Address
- 700 Loretta St Silverton, Texas, 79257-0608 United States
- Coordinates: 34°28′15″N 101°18′30″W﻿ / ﻿34.4708°N 101.3084°W

District information
- Type: Public
- Motto: Home of Excellence
- Grades: PK–12
- Established: 1911; 115 years ago
- NCES District ID: 4840290

Students and staff
- Enrollment: 223
- Staff: 18.78 (on an FTE basis)
- Student–teacher ratio: 11.87
- District mascot: Owls
- Colors: Red & White

Other information
- Website: silvertonisd.net

= Silverton Independent School District =

School district in Texas

Silverton Independent School District is a public school district based in Silverton, Texas (USA).

In 2009, the school district was rated "exemplary" by the Texas Education Agency.

== Silverton School ==

=== History ===
By 1937, most of the rural schools in what is now the Silverton Independent School District area of Briscoe County had transferred their high school students into Silverton High School. The enrollment soared. A.L. (Bud) Kelsey was Superintendent and W.E. Sherman was High School Principal. Superintendents of the District between 1939 and 1950 included Paul S. Rogers, F.M. McCarthy, and M.F. Talley. M.G. Moreland became Superintendent in 1950 and served until his retirement in 1960. J.S. Hinds was Superintendent from 1960 to 1970. O.C. Rampley became Superintendent in 1970. David Cavitt became Superintendent in 1987 after Mr. Rampley's retirement.
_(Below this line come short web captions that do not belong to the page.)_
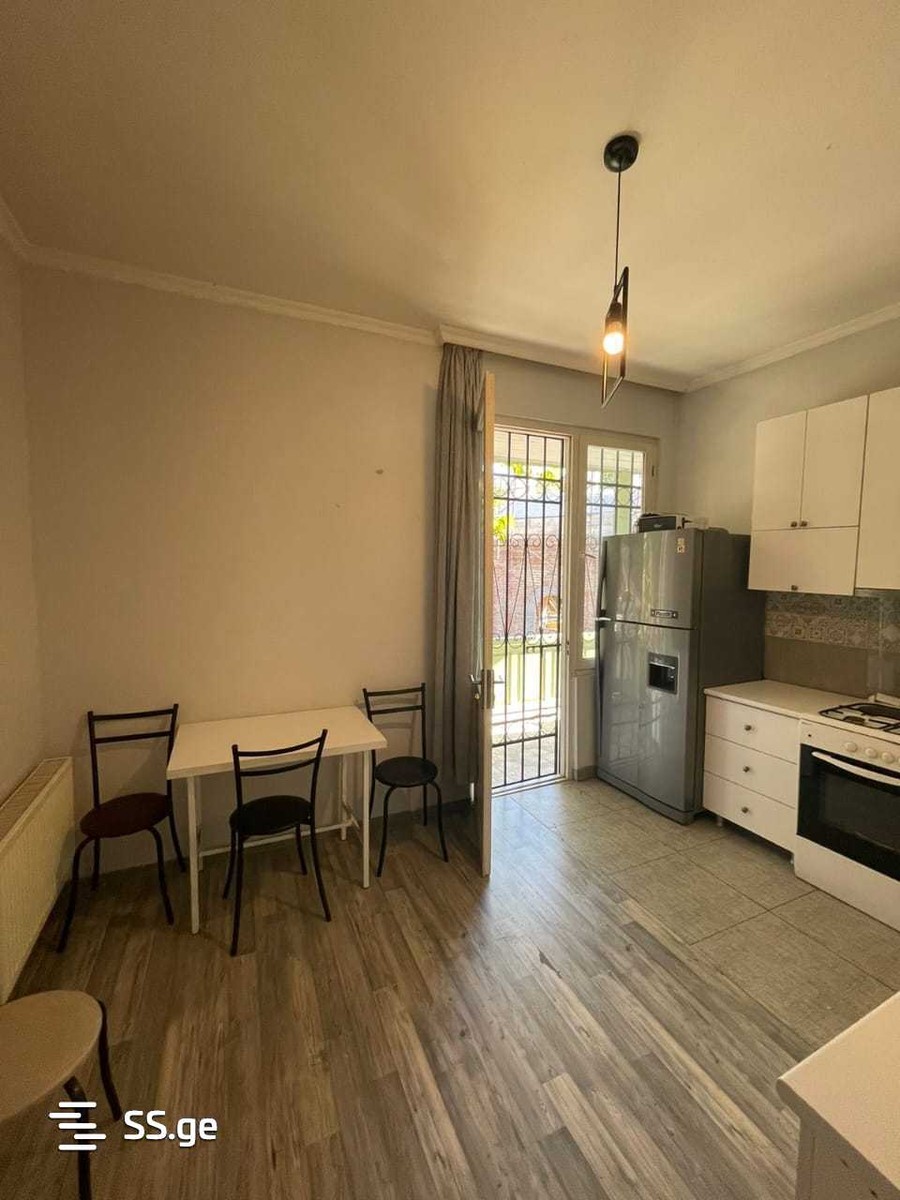 agmashenebeli ave 38 - 4 rooms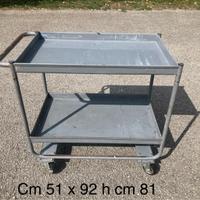 Carrellino in metallo usato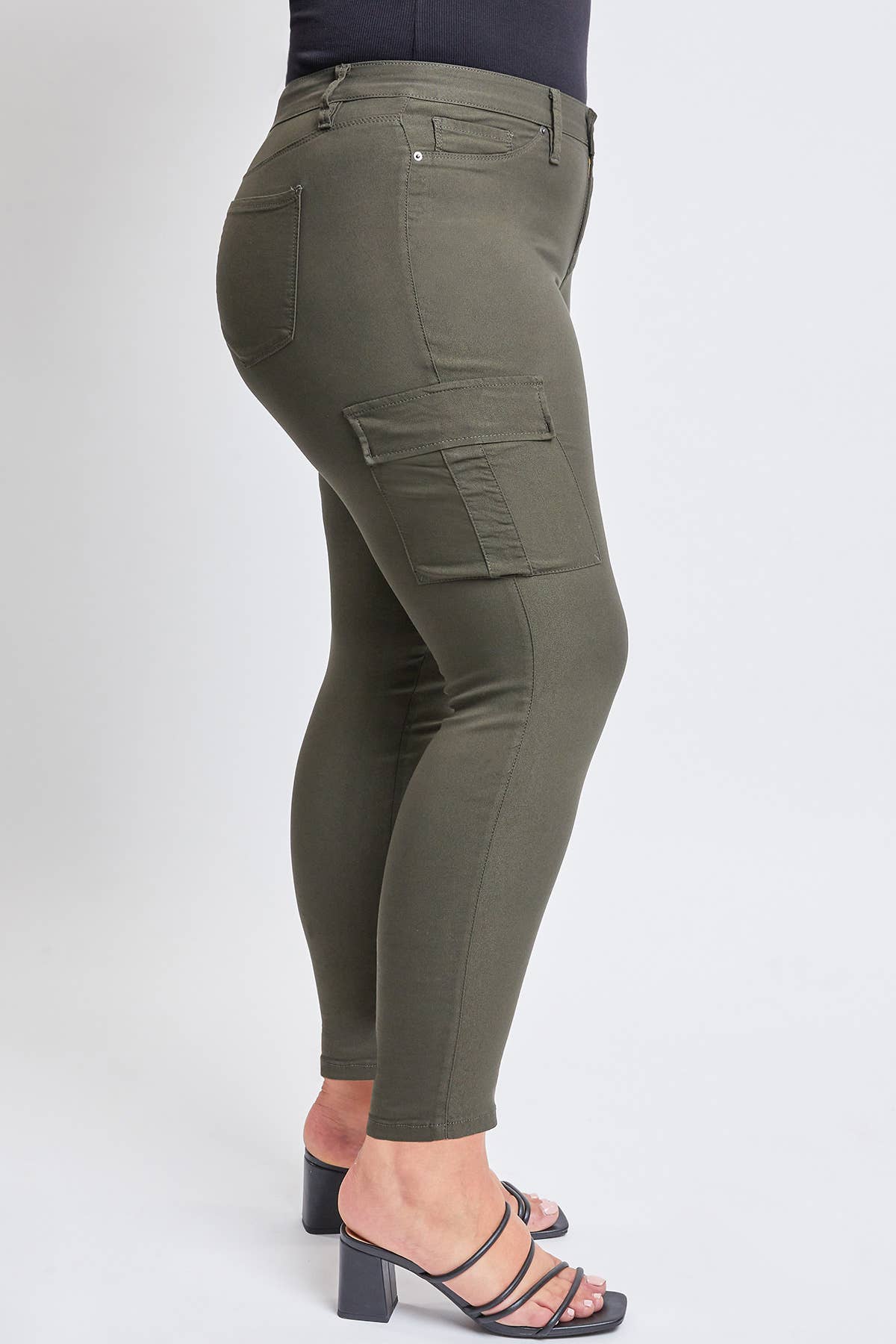 Junior Plus Hyperstretch Forever Color Cargo Jeans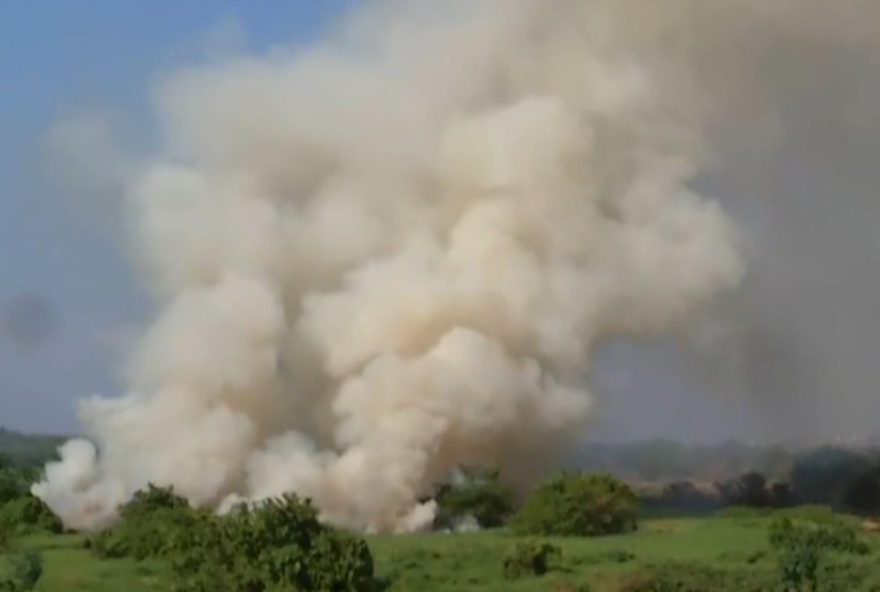 incendio-as-margens-do-rio-acarau-em-sobral-gera-fumaca-em-bairros3A-bombeiros-atuam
Cavitt filled the position until 1992 when Frank Kirchoffner was hired. Mr. Kirchoffner was Superintendent until 2002, and Bill Mayfield was hired as Interim Superintendent until current Superintendent Jerry Birdsong was hired in the Fall of 2004.

High School Principals between 1939 and 1953 included W.E. Sherman, Aulton Durham, Mrs. Ben O'King, Frank Porter, and A.D. Gay. M.J. Schofield was Principal from 1953 to 1955. O.C. Rampley became Principal in 1955 until 1970, when he became Superintendent.

The present high school building was built in 1929 after the old building burned. In 1957, the present gymnasium and the original four rooms of the elementary building were constructed. In 1958, the Vocational Agriculture department was added to the west end of the gymnasium. Four elementary classrooms were added to the existing four in 1959. In 1964, the cafeteria was built. This building also includes the home economics department, along with other classrooms. The high school was extensively remodeled in 1970, and a new junior high wing was added to the south side of it. Partitions from the old junior high building were removed to create a football field house and weight room in 1977. A new shop was added to the existing agriculture facilities in 1978. The aging field house was razed in 1996, and a new P.E. gym and athletic field house was built and named in honor of former Superintendent O.C. Rampley.

Many renovations were made in 2006, including entirely replacing the school's lighting systems and HVAC controls, as well as minor renovations in the elementary buildings.

The district has one school that serves students in grades pre-kindergarten through twelve.

The district changed to a four day school week in fall 2021.

==Special programs==

===Athletics===
Silverton High School plays six-man football.